- The Washington Times - Thursday, September 15, 2022

Two busloads of illegal immigrants sent by the governor of Texas arrived in front of the Naval Observatory, where Vice President Kamala Harris lives.

“We knew we were coming to Washington, D.C., but no one told us we would be let off in front of the vice president’s residence,” said Deilinyn Mendoza, a 25-year-old male migrant from Caracas, Venezuela.

Mr. Mendoza arrived with his wife on one of the buses from Texas. The couple told The Washington Times they came to the U.S. to build a better life.



“I wanted to claim asylum because there are better opportunities for myself and my family,” Mr. Mendoza said.

His wife said they left Venezuela because the country is financially collapsing. “We took the bus because I didn’t have any money to take an airplane here,” she said.
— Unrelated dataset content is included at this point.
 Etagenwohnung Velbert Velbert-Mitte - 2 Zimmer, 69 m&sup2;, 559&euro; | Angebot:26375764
They entered the U.S. by wading across the Rio Grande, they said.


SEE ALSO: Florida ships illegal immigrants to Martha’s Vineyard


Governors in Texas, Arizona and Florida have been bussing and flying illegal immigrants into liberal metropolitan areas of the country that have been declared “sanctuary cities.” They say they are sending the illegal immigrant problem to the doorsteps of elected leaders who refuse to acknowledge that the southern border is not secure.

Vice President Kamala Harris declared on NBC News that the southern border is “secure.”
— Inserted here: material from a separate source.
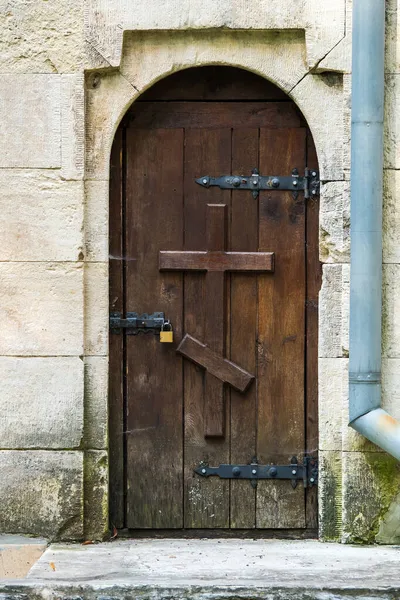 Landschaft Mit Geschlossener Kirchentür — Stockfoto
“We have a secure border in that that is a priority for any nation, including ours and our administration. But there are still a lot of problems that we are trying to fix given the deterioration that happened over the last four years,” she said.

That apparently prompted Texas Gov. Greg Abbott to send 100 migrants on two busses to Ms. Harris’s residence. The migrants on the buses said they were unaware of the final destination in the nation’s capital.

The two busloads of immigrants were welcomed by the non-profit organization SAMU, which has provided services to the migrants arriving by bus since April at Washington’s Union Station. This was the first busload at the Naval Observatory, according to the organization’s representative Tatiana La Borden.

“We know one from Arizona is going to be here tomorrow. But we don’t know if there is one from Texas. They could just be sending one today. They send buses every day,” she said.

According to Ms. LaBorden, SAMU brought the migrants to a church where they received care items before being sent to their next destination.